Below, find the line containing "Cartão Postal Copo de café de urso polar"; from there to the final line, print every line exactly and skip the pictures.

INFORMATION PROVIDED ::
■ ■ ■ ■ ■ ■ ■

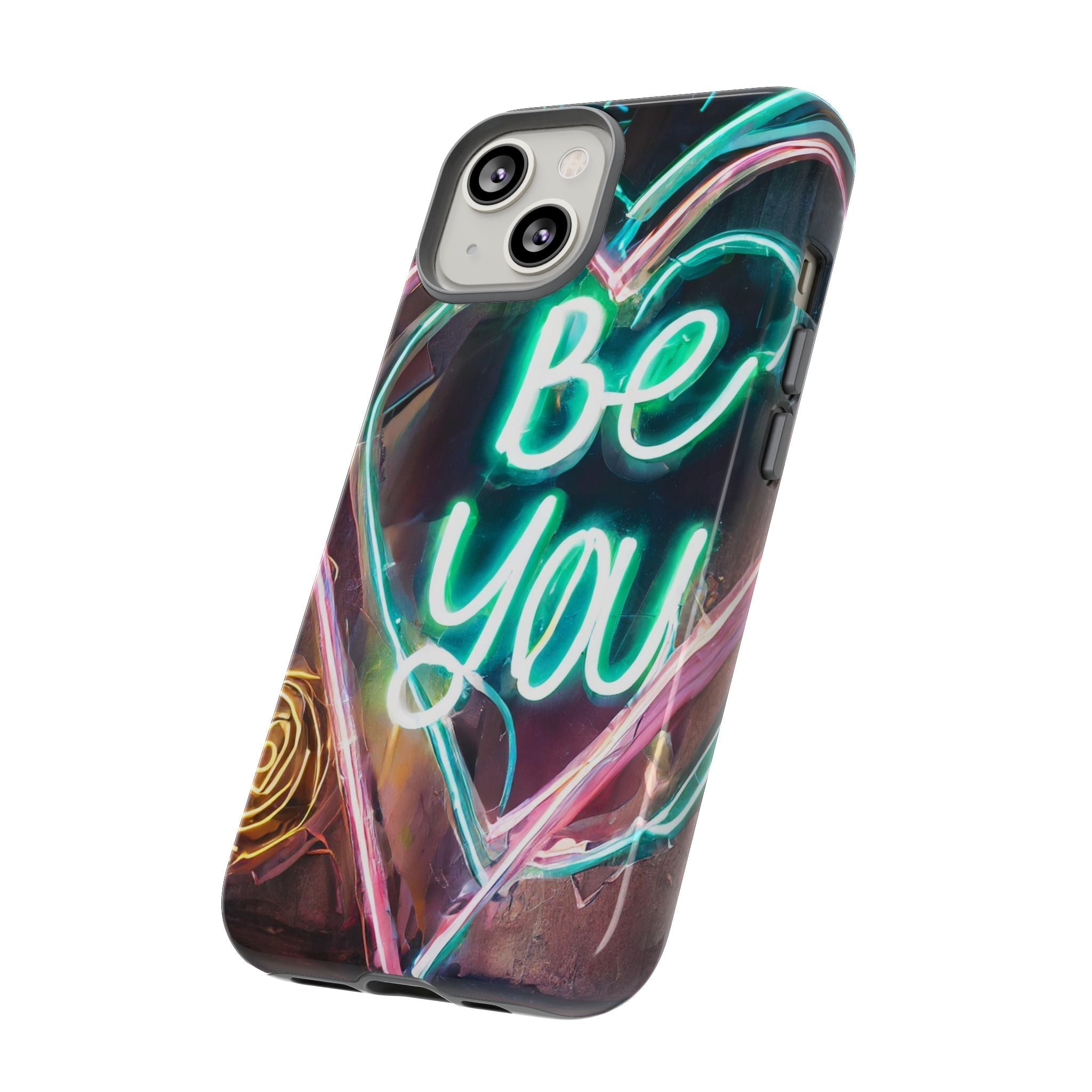 Be You Colorful Neon Heart Tough Phone Case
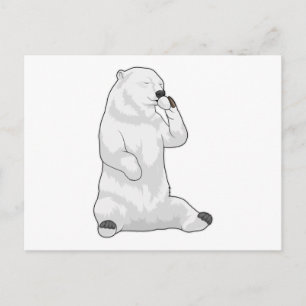 Cartão Postal Copo de café de urso polar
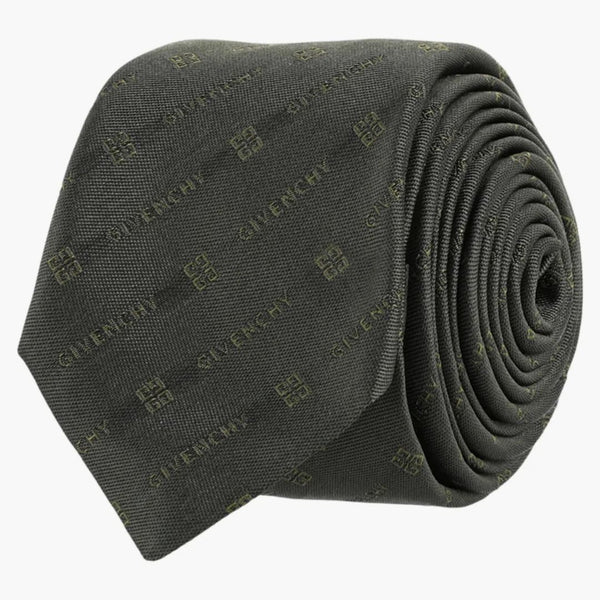 Givenchy diagonální logo Silk Tie Green/Grey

■ ■ ■ ■ ■ ■ ■

TASK RESPONSE ::
 Cartão Postal Copo de café de urso polar
 Givenchy diagonální logo Silk Tie Green/Grey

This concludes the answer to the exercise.